● **PROBLEM STATEMENT**: In the copy, include no images, and repeat each entry precisely as written.

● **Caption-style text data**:
Content starts

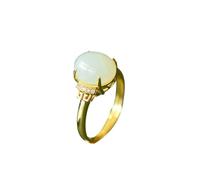 S925 Silber vergoldeter ovaler Ring aus natürlicher weißer Hetian-Jade (verstellbare Öffnung) 7 für echte Damen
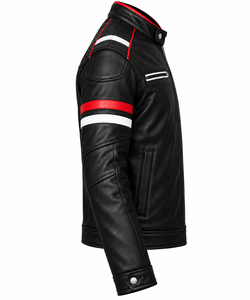 Blouson moto en cuir PU noir pour homme, col montant, fermeture éclair, coupe ajustée, manches classiques, pour l'automne, motif rayé rouge et blanc - Product Image 4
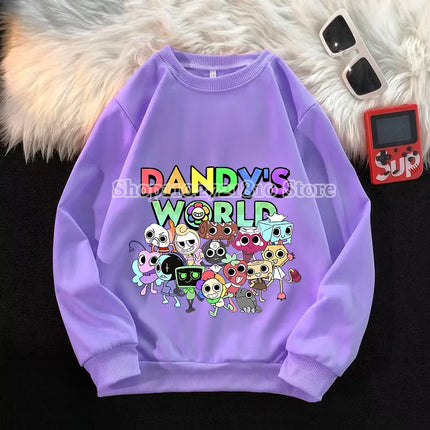 Dandys World Children Sweatshirt Cartoon Anime Multi-color Clothing Game Peripherals Crew  Neck Tops Spring Autumn Clothes Gifts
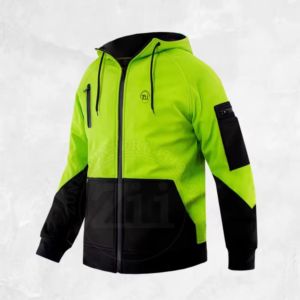 Vêtements de travail de sécurité réfléchissants vert jaune pour le printemps automne gilet utilitaire extérieur veste de Construction d'autoroute pour le nettoyage des autoroutes - Product Image 3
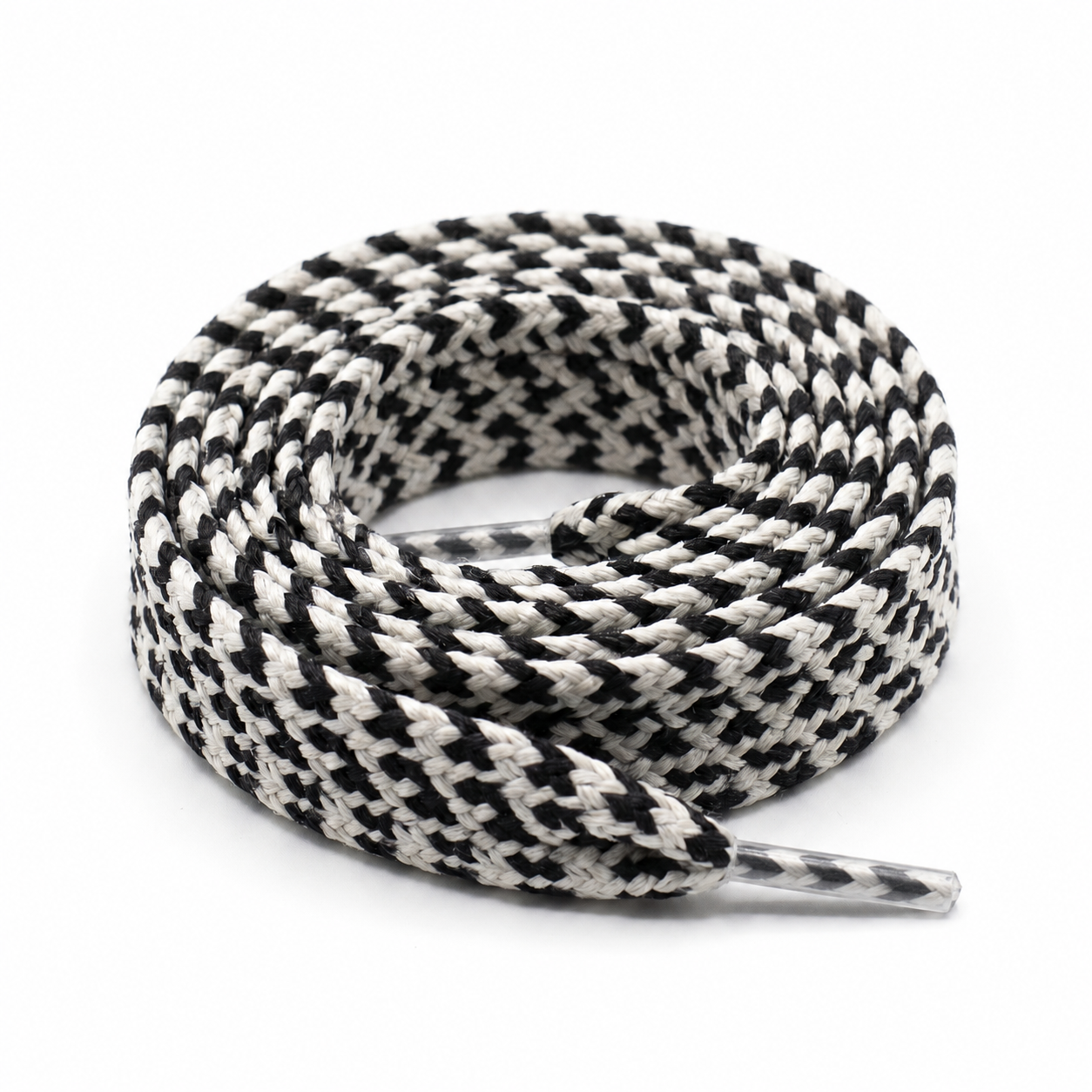 Shoelace flat tubular braid PES 12 mm two-tone Beige / Black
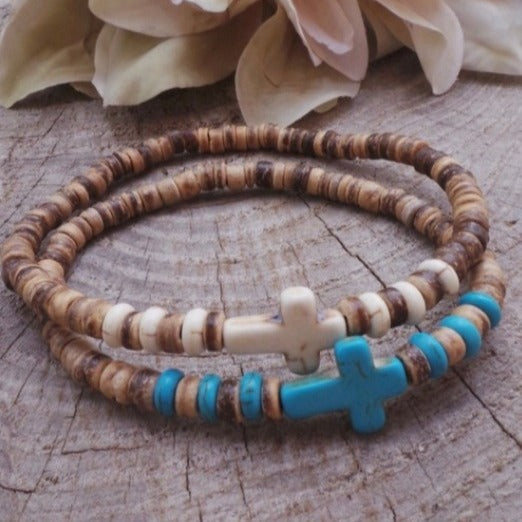 Coconut shell wood chips stone cross bracelet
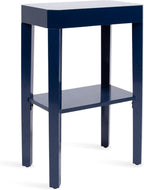 Kate and Laurel Talcott Modern Rectangle Wooden Side Table, 16 x 10 x 25, Navy Blue, Transitional Decorative Two-Tier End Table for Use as a Bedroom Nightstand or Living Room Accent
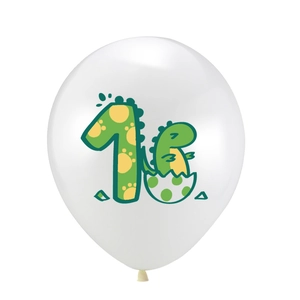 12-inch white dinosaur latex balloon with number one and hatchling for 1st birthday decor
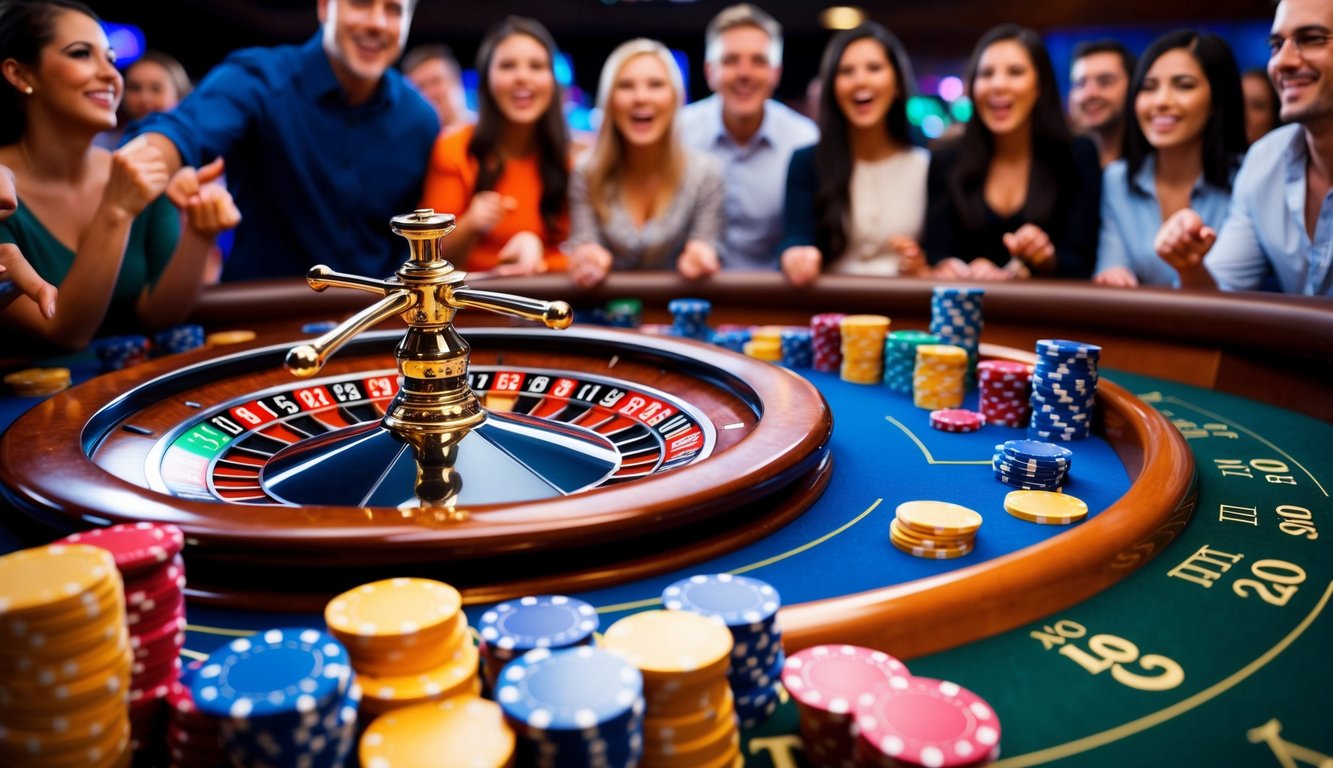 Roda roulette yang berputar dikelilingi oleh chip taruhan berwarna-warni dan kerumunan pemain yang bersemangat di kasino online langsung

Content ends

● **RESPONSE TO THE EXERCISE**:
 S925 Silber vergoldeter ovaler Ring aus natürlicher weißer Hetian-Jade (verstellbare Öffnung) 7 für echte Damen
 Blouson moto en cuir PU noir pour homme, col montant, fermeture éclair, coupe ajustée, manches classiques, pour l'automne, motif rayé rouge et blanc - Product Image 4
 Dandys World Children Sweatshirt Cartoon Anime Multi-color Clothing Game Peripherals Crew  Neck Tops Spring Autumn Clothes Gifts
 Vêtements de travail de sécurité réfléchissants vert jaune pour le printemps automne gilet utilitaire extérieur veste de Construction d'autoroute pour le nettoyage des autoroutes - Product Image 3
 Shoelace flat tubular braid PES 12 mm two-tone Beige / Black
 Coconut shell wood chips stone cross bracelet
 Kate and Laurel Talcott Modern Rectangle Wooden Side Table, 16 x 10 x 25, Navy Blue, Transitional Decorative Two-Tier End Table for Use as a Bedroom Nightstand or Living Room Accent
 12-inch white dinosaur latex balloon with number one and hatchling for 1st birthday decor
 Roda roulette yang berputar dikelilingi oleh chip taruhan berwarna-warni dan kerumunan pemain yang bersemangat di kasino online langsung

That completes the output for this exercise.